I was thumbing through a “toddlers bible” this morning.
There was a page dedicated to the story of Noah’s Ark. One half of the page contained a picture of several smiling, happy animals and a few smiling happy humans, in a big, fun boat, all having just a great old time sailing the deep blue sea on a sunny happy day. I don’t recall the exact wording of the text, but it was basically an accurate retelling of the Biblical version in about seven or eight toddler-level sentences.
Here’s the problem. The story is clearly not a happy story. It wasn’t, as the picture seemed to portray, a case of cute cuddly animals and happy humans on a neat-o sailing adventure. Indeed, I think to frame the story that way, even for kids, is to do real violence to the story itself.

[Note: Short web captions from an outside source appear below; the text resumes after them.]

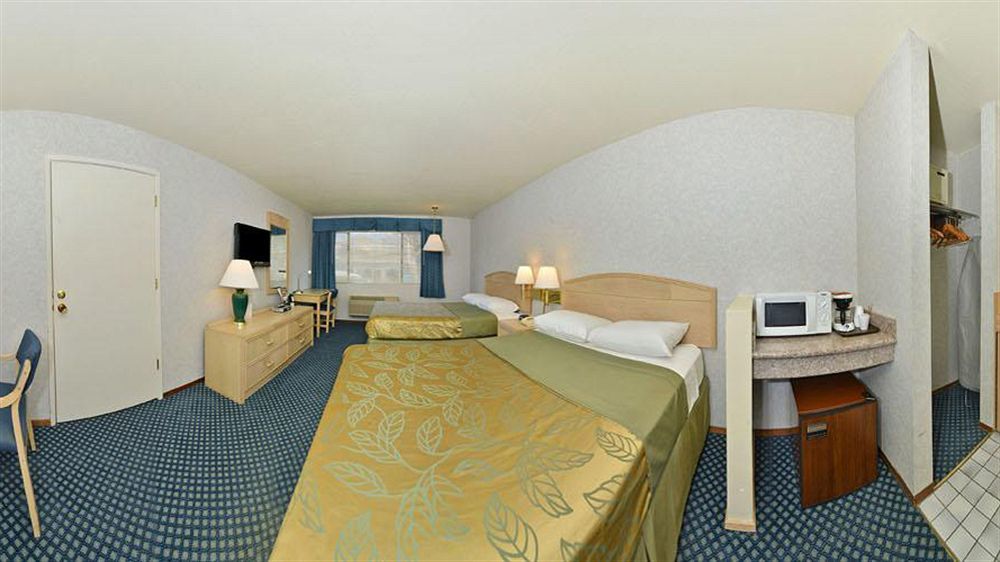 Good Living Inn San Carlos Exteriör bild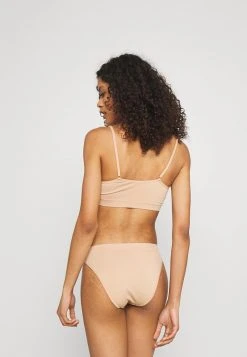 Lo mas barato ✔️ Anna Field 3 PACK SEAMLESS BRIEF - Braguitas - Tan, Mujer ⌛ -Elegancia Femenina Tienda a916a1feb7894fb6b715caa68fe035b5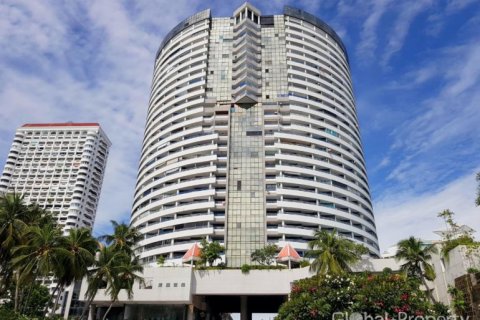 Коммерческая недвижимость в Паттайе, Таиланд 616м2 № 135217 - фото 27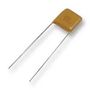 CAP, 22PF, 100V, 5%, C0G/NP0 SR211A220JAR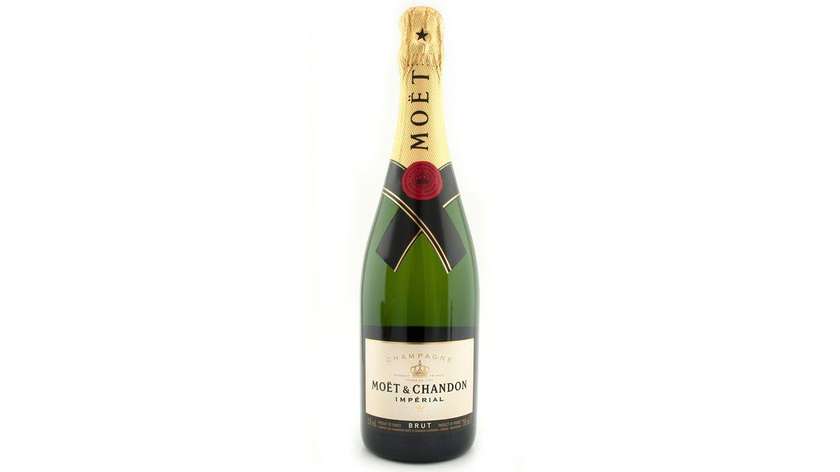 Moet And Chandon Brut 75cl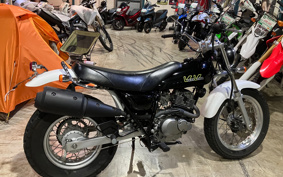 SUZUKI VANVAN 200 NH41A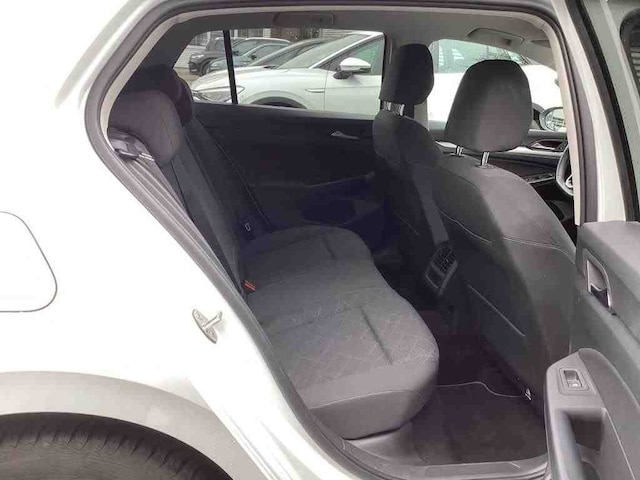 Volkswagen Golf 1.5 TSI Golf VIII Life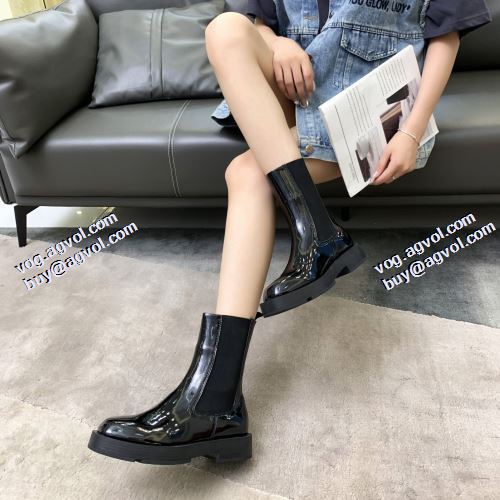 レザーシューズ靴 2021秋冬 程よい高さ ジバンシィブランド 偽物 通販 人気 ランキング ジバンシー GIVENCHY 脚長美脚効果がある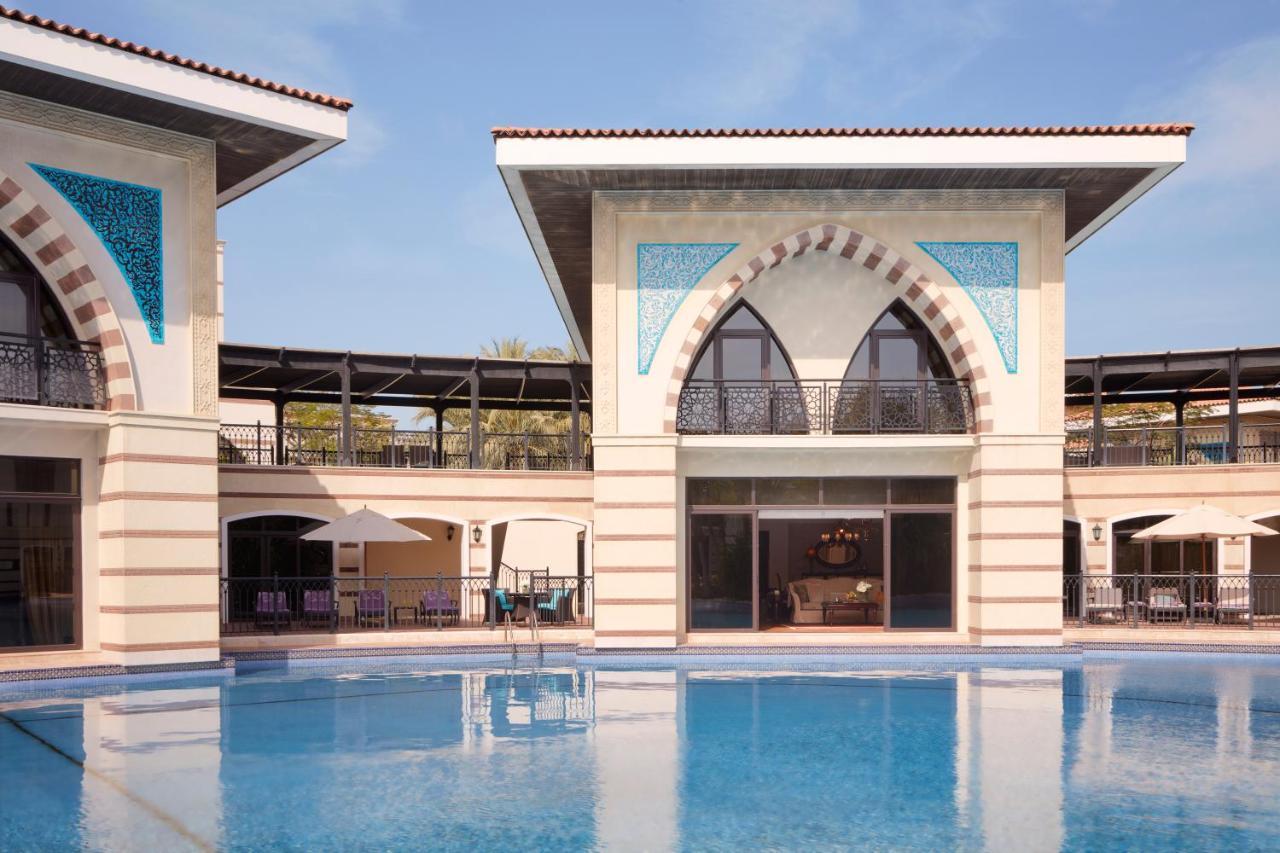 Four Bedroom Royal Lagoon Pool access Villa Complimentary Soft Drinks minibar Daily Villa & Butler Service,982130491:JPEG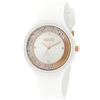 Liu Jo Orologio Liu Jo Dancing Sport TLJ1419 Quarzo Donna Bianco Nuovo
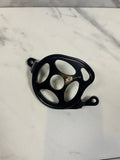 X3R Surron Lbx Metal Motor Cover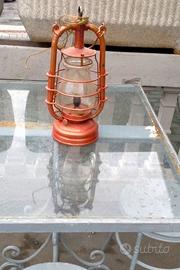 Lanterna ad olio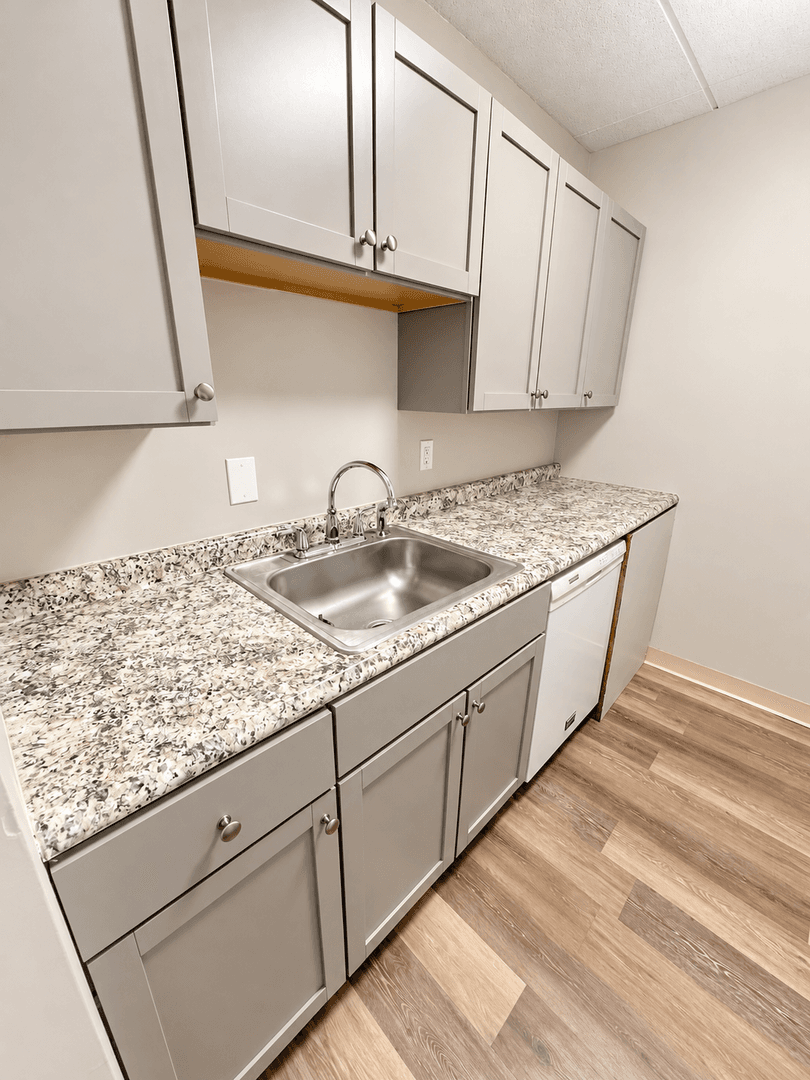 Carnegie Apartment: 711 Cubbage Street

But what about the story itself? If the version cleaned up for kids is a travesty, still, the impulse to clean it up is rightly felt. For the story as it actually is told in the Bible is absolutely not kid friendly.
Everyone in the world, with a tiny set of exceptions, was killed, violently drowned. This is not to mention the animal life. This is not just scary, it’s horrific, and it’s hard for me to understand how I could present this story to a kid with any honesty or completeness.

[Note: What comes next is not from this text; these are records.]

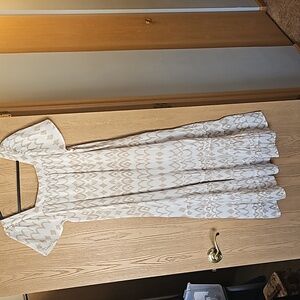 Sonoma, beautiful dress. Size L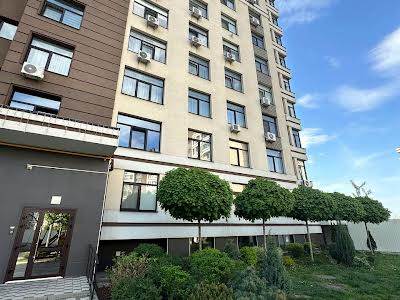 квартира по адресу Юнатская ул., 2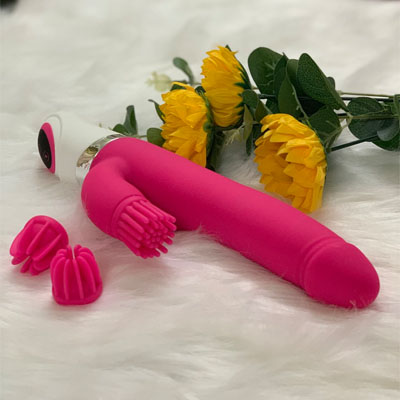Đồ chơi tình dục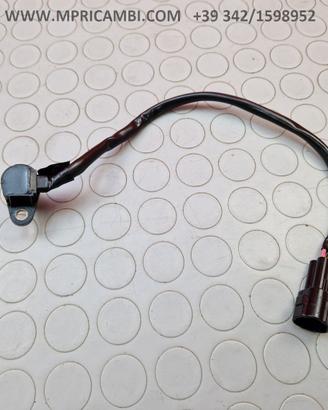 SENSORE VELOCITA KAWASAKI NINJA 600 2008 2007 ZX6R
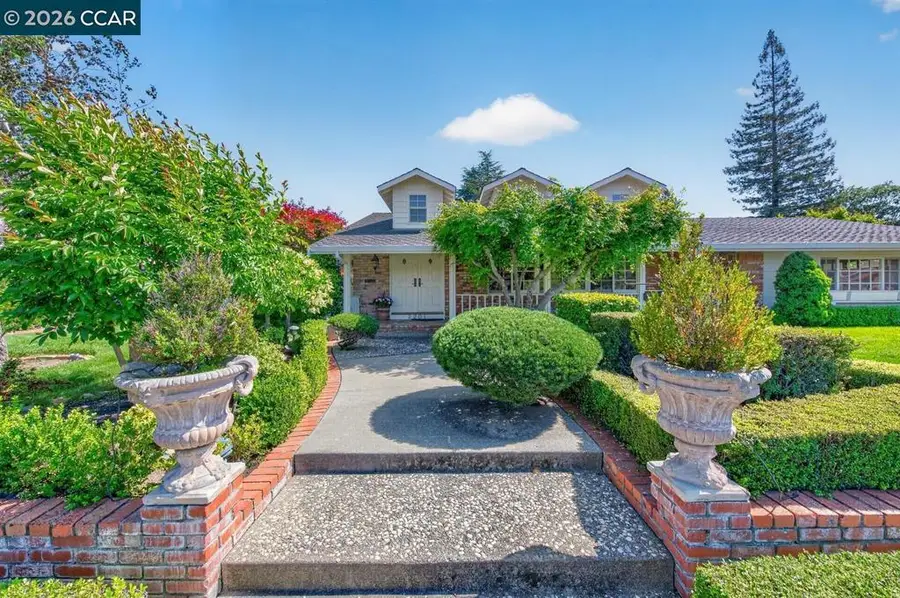 2201 Loch Ln, Walnut Creek, CA 94598 - #2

What makes it worse is the fact that the one directing all this destruction is supposed to be one of the main protagonists of the story–and of the biblical tradition in general–I mean, of course, God. Why does this make it worse? I have always maintained to my kid (3.5 years old) that what you do with “bad guys”* is you put them in jail so they can’t hurt anyone, and you do whatever you can to help them turn into “good guys” if they want to. But this is pretty much the opposite of what God does in this story (and plenty others). The “bad guys” get killed, simple as that. All of them, all at once.
So here’s the dilemma with this particular story. I could sort of clean it up–but this would seem to require completely missing the point of the story. (For the point of the story involves essentially the horrible nature of the events portrayed.) But if I don’t clean it up, then it is practically impossible to make any moral sense of the story.

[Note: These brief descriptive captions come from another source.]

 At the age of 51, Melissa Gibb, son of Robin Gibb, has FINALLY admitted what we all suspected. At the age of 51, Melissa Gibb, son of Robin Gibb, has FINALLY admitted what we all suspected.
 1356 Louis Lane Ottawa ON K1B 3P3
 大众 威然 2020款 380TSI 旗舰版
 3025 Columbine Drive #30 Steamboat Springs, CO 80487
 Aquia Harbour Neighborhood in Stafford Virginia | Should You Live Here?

I think it is practically impossible to make any moral sense of the story, even for adults–and I think that is part of the value of the story. The Christian must ask himself some very difficult questions in response to this story, and wrestling with them is sure to lead to moral insight, but never to a “moral of the story.”
But can such difficulties be worked through by a three year old, in even a rudimentary sense? I don’t have the impression that this can be so.
Should one just refrain from relaying these tales til the kid is in, say, the eight or nine year old range? (Depending widely on the kid and the parents’ situation.)
Should one tell the story straightforwardly, and let the kid be decieved into thinking he knows some simple “moral of the story”, until one day several years later he learns to grow past the simple moral aphorisms he learns at his elders’ knees?
Should one not worry so much and just tell the standard cleaned-up version, again letting the kid come to his own realizations many years later?
Should one take stories like this as an opportunity to gleefully mess with his kids’ minds?
Some of you are wondering “why tell the story at all?” Some because they think the stories aren’t worth telling, and others because they think it’s clear I wouldn’t be telling the story in a good Evangelical Christian spirit and so shouldn’t feel tempted to bother. The reason I would tell my kid stories from the bible is that it was an important part of my own upbringing and growth in moral and even philosophical understanding, and I think it would be good if the language my kid uses for such growth has something in common with the language I grew up with. So we can communicate, and so I can better end up imparting whatever kind of wisdom there is in me to impart.